10 thoughts on “So when did the meaning of artisanal change?”

  1. They may have gotten confused thinking microbrews or craft beers are more expensive than the run of the mill Coors, Miller, Busch, etc… which means they must be for people who live luxuriously.

    The thing I love about craft beer is for 1.5 times the price, I can get 300 times the flavor over the aforementioned beers. And when it is compared to other things considered Luxurious it is far less on an once by ounce scale than say something like Whisky.

    Though I am not saying there are not beers out there aimed at the Luxury market, if there is one thing I’ve learned from being a consumer, there is a luxury market for anything.

  2. Aren’t you doing the same thing in reverse (…with all due respect)? If I said I had my doors made by an artisan, my beer made by an artisan, my socks made by an artisan would I have not consistently been saying expensive? Was it ever not so? Isn’t the idea that craft beer is artisanal not also saying the same thing? I am not sure, come to think of it, that I heard the word artisan associated with beer before the great leap forward in pricing a few years back (along with the introduction of the cult of personality).

    Doesn’t it (in its application if not by definition) really mean pricey?
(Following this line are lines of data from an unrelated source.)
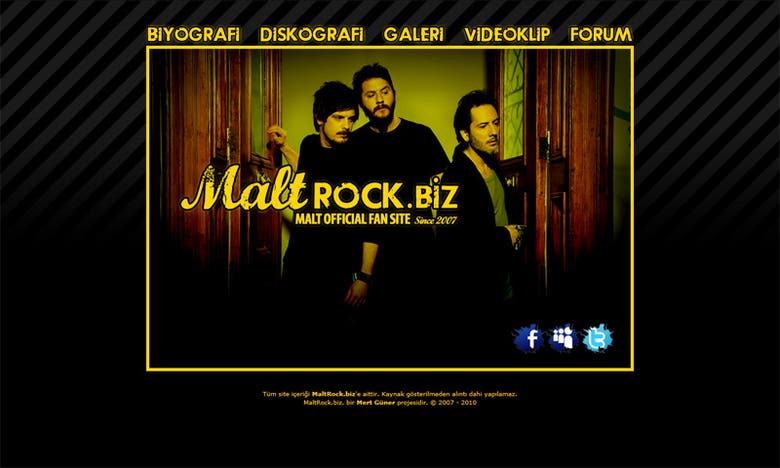 My Web Projects 1 - Rock Music (Active)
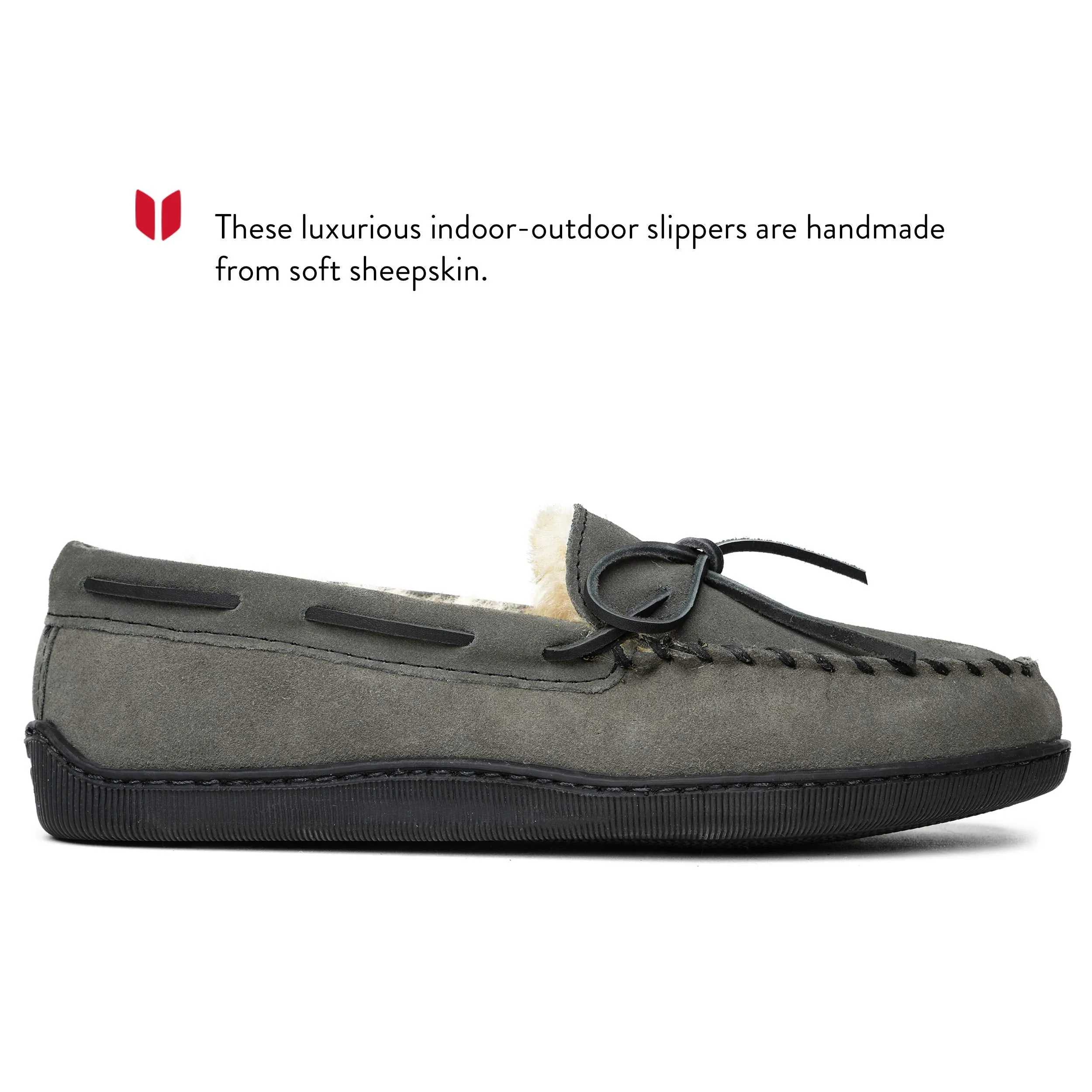 Moccasins Sheepskin Hardsole - Men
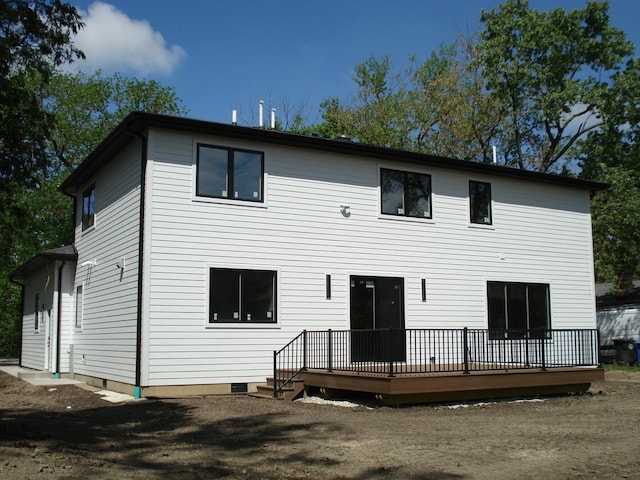 7137 S 87th Ave S, Justice, IL 60458 - back of property featuring a wooden deck
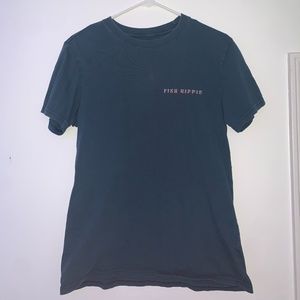 Light Black Fish Hippie Shirt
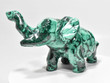 6.18" POLISHED MALACHITE ELEPHANT Animal Carving - Congo mc900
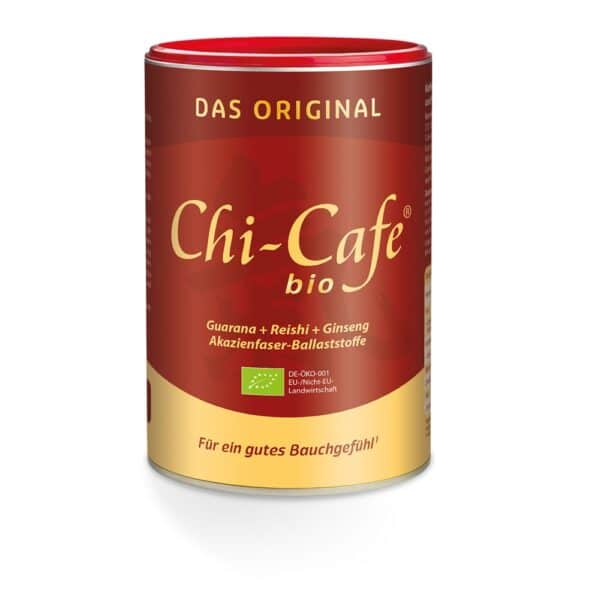 Chi-Cafe BIO Wellness Kaffee mit Akazienfaser Guarana Reishi-Pilz Ginseng vegan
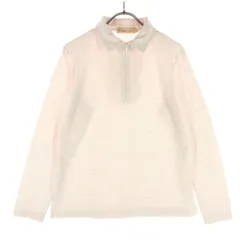 Foxfire フォックスファイヤー 日本製 ボーダー柄 長袖 ハーフジップ Tシャツ M ピンク系 ロンT カットソー レディース 古着のサムネイル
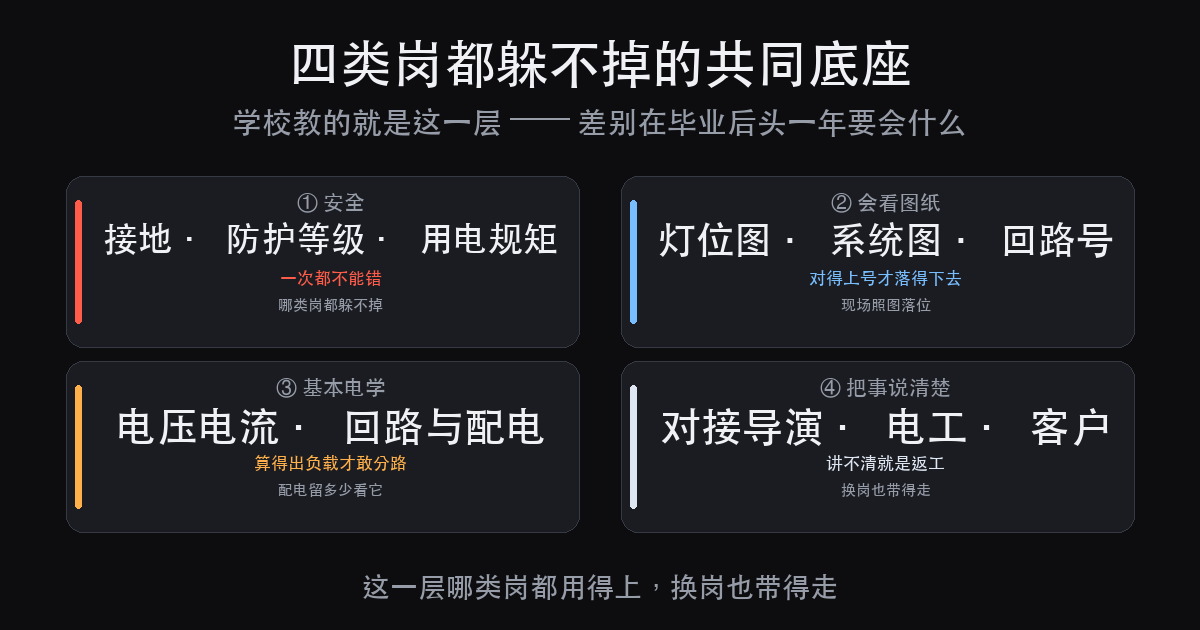 舞台灯光设计专业毕业去哪上班:进四类岗位头一年要会什么(图4)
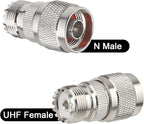 4 Pack N Male to UHF Female SO-239 Connector Adapter N Connector to PL-259 SO239 RF Coaxial Cable Adapter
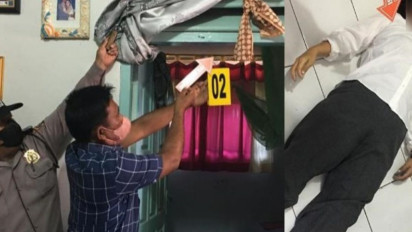 Janji Rapikan Dokumen Kepada Suami, Seorang Perempuan Status ASN Ditemukan Meninggal Gantung Diri Pada Pintu Kamar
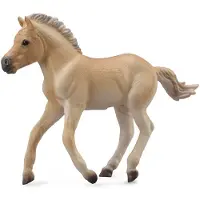 Collecta Paarden: Fjord Veulen 9 Cm Lichtbruin
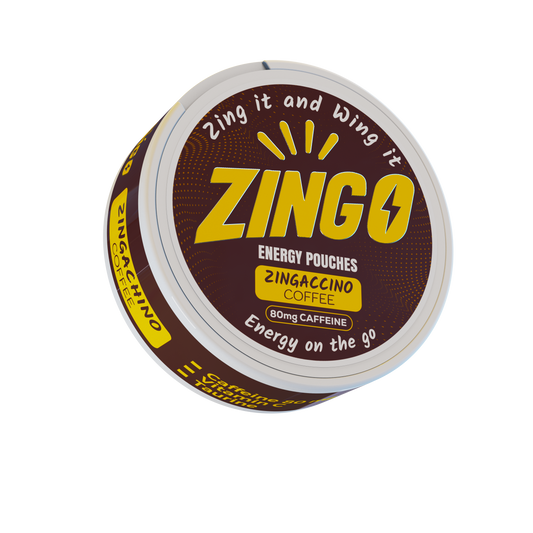 Zingaccino (Coffee) Energy Pouches – 80mg Caffeine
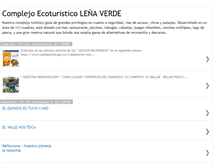 Tablet Screenshot of complejoecoturisticolenaverde.blogspot.com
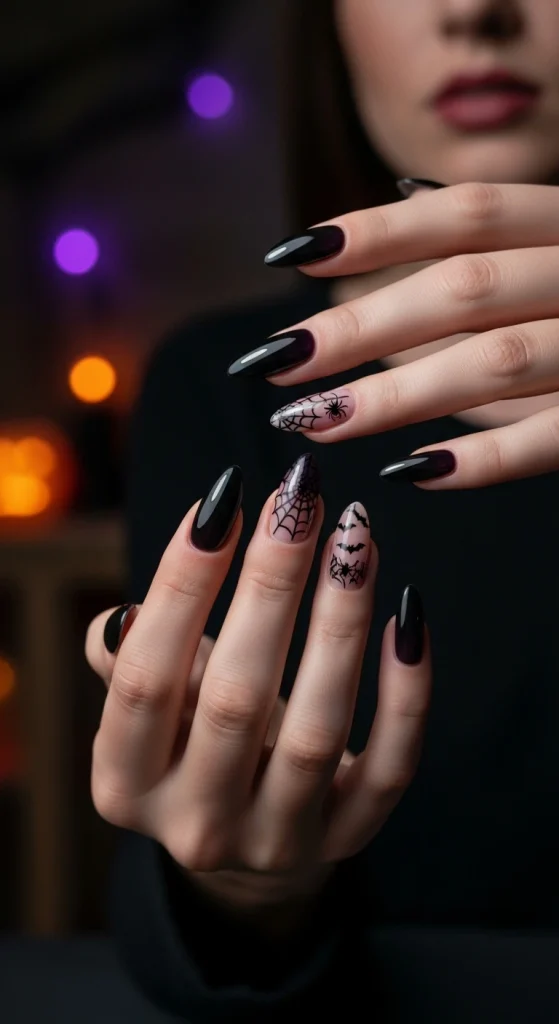 Smoky Gradient Nails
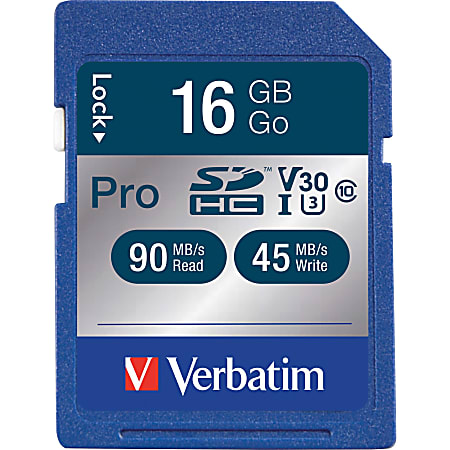 16GB Pro 600X SDHC Memory Card, UHS-I V30 U3 Class 10 16GB Pro 600X SDHC Memory Card, UHS-I V30 U3 Class 10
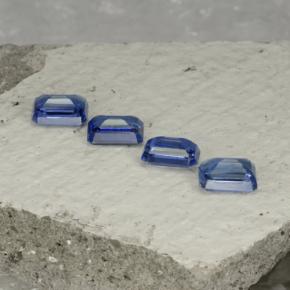 Kyanite Gemstones in 7 x 5 mm (calibrated) Size for Sale, Kyanite Stones in Deep Blue Color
  3. Alan – I think there is a difference between costing a measure more and expensive/exclusive. For instance, we have a gate made by a man who lives up the hill, an artisan I guess, who does wordworking on the side. It costs about 10 percent more than we’d pay for a gate at Home Depot.

    I’m pretty sure I saw the word artisanal used in describing New Albion beers (at the time the brewery existed). Of course they were also pricey at 95 cents to $1.05 for a 10-ounce bottle. That equates to $1.20 for 12 ounces, which accounting for inflation would be $3.80 or so for a bottle today.

  4. Before the Industrial Revolution, wasn’t everything handmade? Maybe not always artisanal, but those who made inferior products or did inferior work probably didn’t have long carriers. Although the Industrial Revolution started in the UK, the US seems, particularly since the war (the world war), to have embraced industrialisation to a degree not seen elsewhere. Certainly, microbreweries are a reaction to that, just as Starbucks, Ben & Jerrys, etc. reacted to industrialised products in their fields.

    I agree with Stan that equating artisanal and luxury is incorrect, but probably because of small scale production or simply because they can, these “rebel” (i.e., non-industrial) products cost more.

    It is kind of amusing that in some fields (beer, for one), the industrial companies are now trying to also capture the artisanal market by pretending they are not really that big.

  5. Merriam-Webster defines “artisan” as “one that produces something in limited quantities often using traditional methods.” As Alan suggests, the wares of such individuals are almost always going to be more expensive simple due to the limiting methods of production. Luxury, though? That’s a matter of opinion.

    If I buy a Louis Vuiton suitcase, it is going to be by almost anyone’s definition a luxury product. Will it be made by the hand of some Italian artisan? No, it will be made by factory workers in china or elsewhere, and in fact, the Italian artisan’s equivalent may even cost less.

    If I buy a tailor-made, hand-stitched leather jacket, however, it will also almost certainly qualify as a luxury good, although one which will also more then likely qualify as an artisanal good.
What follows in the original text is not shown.